# Abends kein Internet bis morgens



## mattimatti (5. Dezember 2020)

Guten Tag 
Leider habe ich seit ca einer Woche das Problem, abends ab ca 21:00 oder 22:00 kein Internet mehr zu haben. 
wir sind bei unity media (jetzt glaube ich Vodafone) und bis zu besagtem Zeitpunkt funktionniert alles einwandfrei. Bekommen 126 von bezahlten 120 Mbit rein und ist alles top top. habe natürlich schon den Router resettet aber hat leider nicht geholfen. eben habe ich die Nachbarn über uns im Haus angeschrieben, welche antworteten, sie hätten das selbe Problem ABER sind Ei der Telekom. sprich 2 verschiedene Anbieter, 2 verschiedene Router, ein gemeinsames Problem. außer dass seit kurzem bei uns auf der Straße gebaut wird, und es zur Weihnachtszeit evtl viele zeitschalter für Lichter gibt, ist mir bisher nicht viel dazu eingefallen und beides lässt sich ja nicht wirklich erklären da die Uhrzeit des Ausfalls keineswegs durch Arbeiter oder Lichter zustande kommen kann. Beides wäre viel Früher am Tag der Fall. morgen werde ich bei meinem Anbieter anrufen und fragen, was man denn machen kann. Unsere Nachbarin hat wohl schon bei der Telekom angerufen und die haben ihr nur nen neuen Router aufgeschwatzt. Also wollte ich hier mal fragen ob evtl jemand eine Idee hat, wo das Problem liegen könnte und ob ich aktiv etwas dagegen tun kann. 21:00 bis morgens ist natürlich echt doof ohne Internet da zu sitzen bzw. seinen pc mit dem handy Hotspot zu versorgen.
Danke schonmal im Voraus und LG, Matthias


----------



## TomatenKenny (5. Dezember 2020)

Frag dein Anbieter was los ist.


----------



## Olstyle (5. Dezember 2020)

Also bei dir fällt das Kabelnetz aus und bei dem Nachbarn das Telefonnetz und das zur selben Zeit? Aber Strom habt ihr schon noch?  
Ich meine mit einer China-LED-Kette kann man schon ganz ordentliche EMV-Bomben bauen, aber das klingt zu krass.


----------



## Sverre (5. Dezember 2020)

Wie ein alter Fernseher das Internet eines ganzen Dorfes lahmlegte
					

Im walisischen Nest Aberhosan fiel 18 Monate lang jeden Morgen um 7 Uhr das Internet aus. 400 Menschen waren dann offline.
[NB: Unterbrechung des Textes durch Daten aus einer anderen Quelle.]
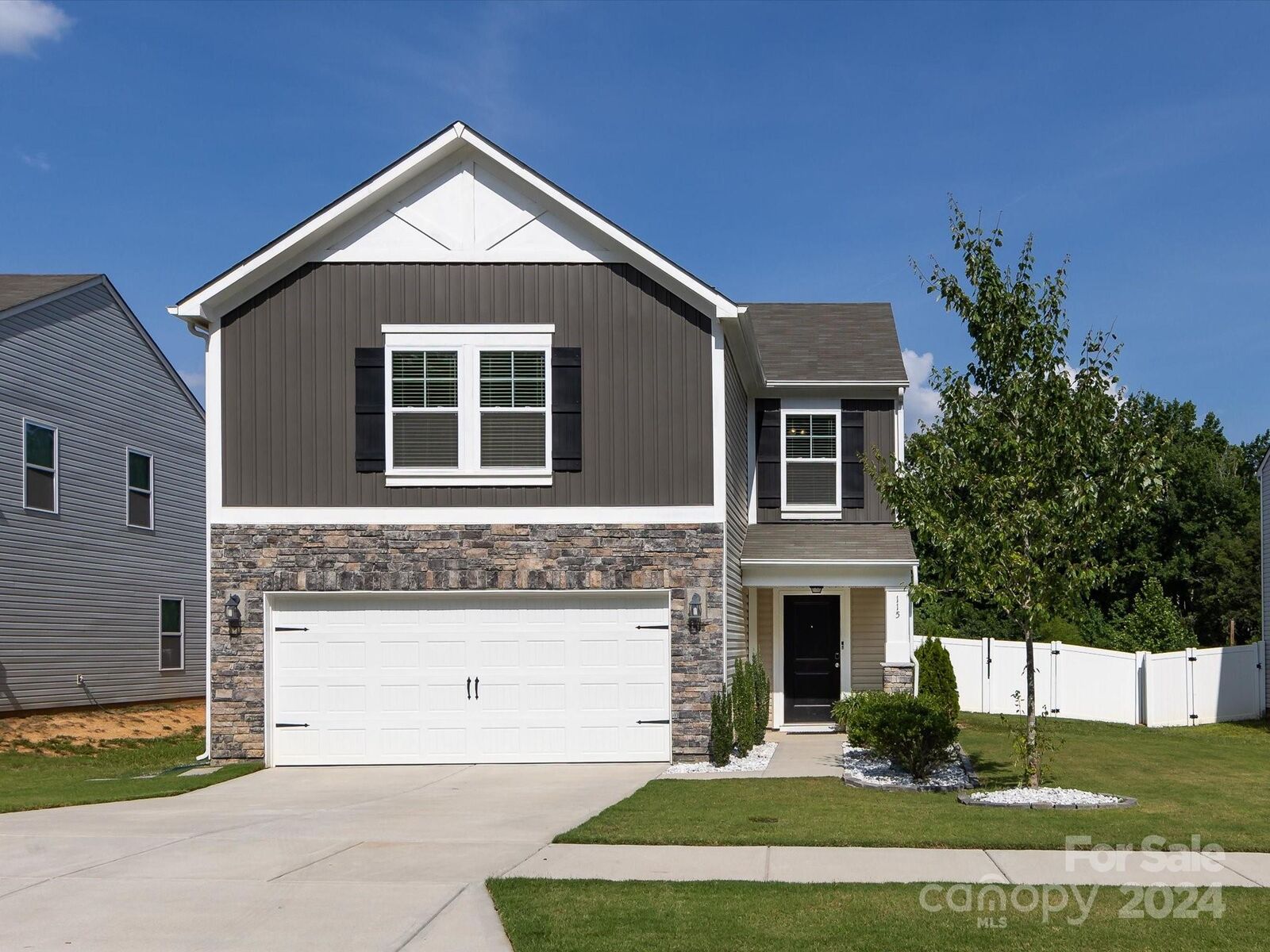 Property Photo:  115 Rockhopper Lane  NC 28115 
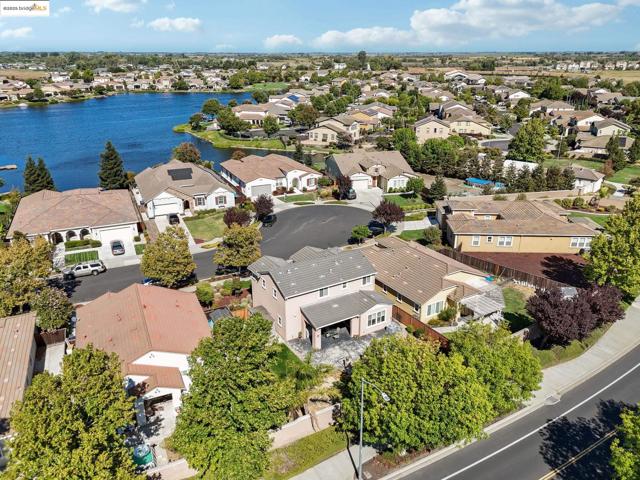 124 Clear Lake Ct, Oakley CA: https://media.crmls.org/mediaz/917f8df0-1689-4f5d-b62f-c4765909f14e.jpg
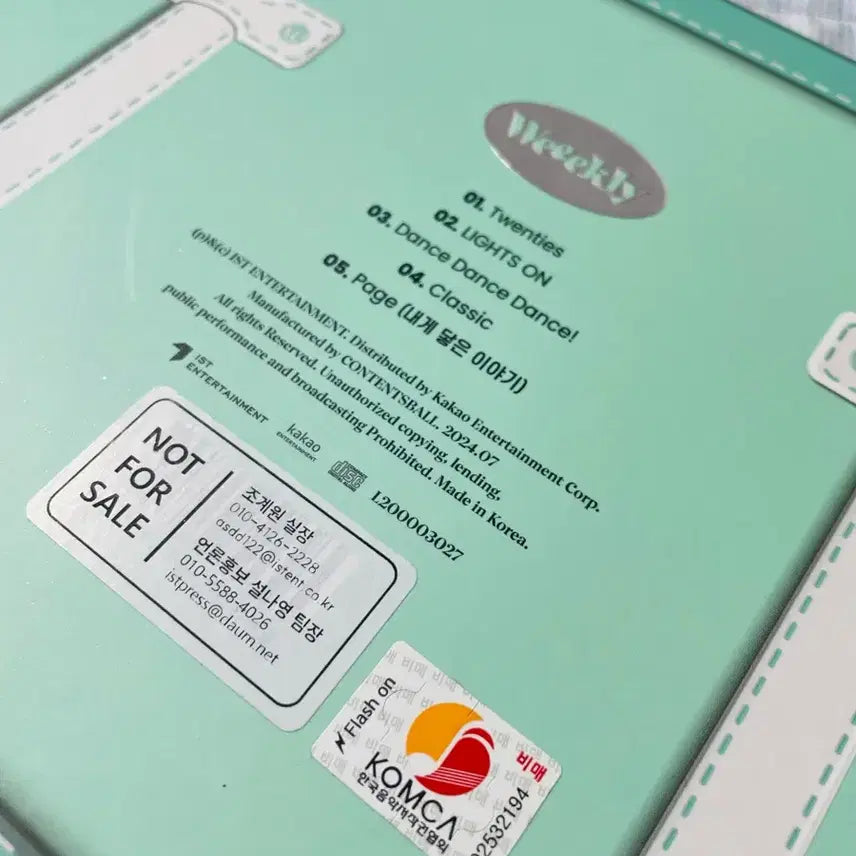 [BUNJANG] Weeekly Mini 6th Album Signed Album / 위클리 weeekly 미니 6집 친필싸인 앨범 비매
Schuld war ein einziges altes Fernsehgerät.




					www.spiegel.de


----------



## doedelmeister (5. Dezember 2020)

Bin bei Vodafone/ehemals Unitymedia und bei mir ist seit fats nem Jahr jeden Abend das Internet schlecht. Wenn ich Glück habe fällt es von den gebuchten 100Mbits auf 30Mbits, oft aber unter 5Mbits und damit kaum noch nutzbar.

Vodafone schickt immer Techniker, aber die bestätigen im Prinzip jedes mal, dass die Leitung überlastet ist. Sprich Vodafone hat aus Gewinnmaximierung zu viele Haushalte an ein Knotenpunkt angeschlossen. Das klappt tagsüber gut, wenn nicht viele im Internet sind, abends bricht dann halt alles zusammen.

Einzige Lösung wäre, wenn Vodafone ausbaut. Aber das kostet Geld. Für mich halt blöd, dass ich keine andere Alternative habe, weil DSL hier noch viel schlechter ist und Glasfaser noch nicht in die Außenbezirke meiner Stadt verlegt wurde. Vodafone ist halt kein Kackladen, früher bei Unitymedia hatte ich das nicht.


----------



## robbe (5. Dezember 2020)

Probleme bei einem bestimmten Anbieter sind ja durchaus möglich. Das hier aber zwei Anbieter, welche ihren Dienst über verschiedene Technologien bereitsellen, zur gleichen Uhrzeit das gleiche Problem haben, ist schon sehr seltsam.


----------



## mattimatti (5. Dezember 2020)

Hallo und erstmal danke für die zahlreiche, wenn such demotivierenden Antworten 

was meiner Verlobten noch eingefallen ist: die Baustelle um die Ecke hab einen großen fluter aufgestellt der nachts an bleibt, vermutlich um Diebstahl der Materialien und so zu verhindern oder so. Ob das damit zusammenhängen kann? So ein fluter beeinträchtigt doch bestimmt auch massiv oder? Kenne mich nicht so sehr mit Elektrotechnik aus


----------



## Tetrahydrocannabinol (5. Dezember 2020)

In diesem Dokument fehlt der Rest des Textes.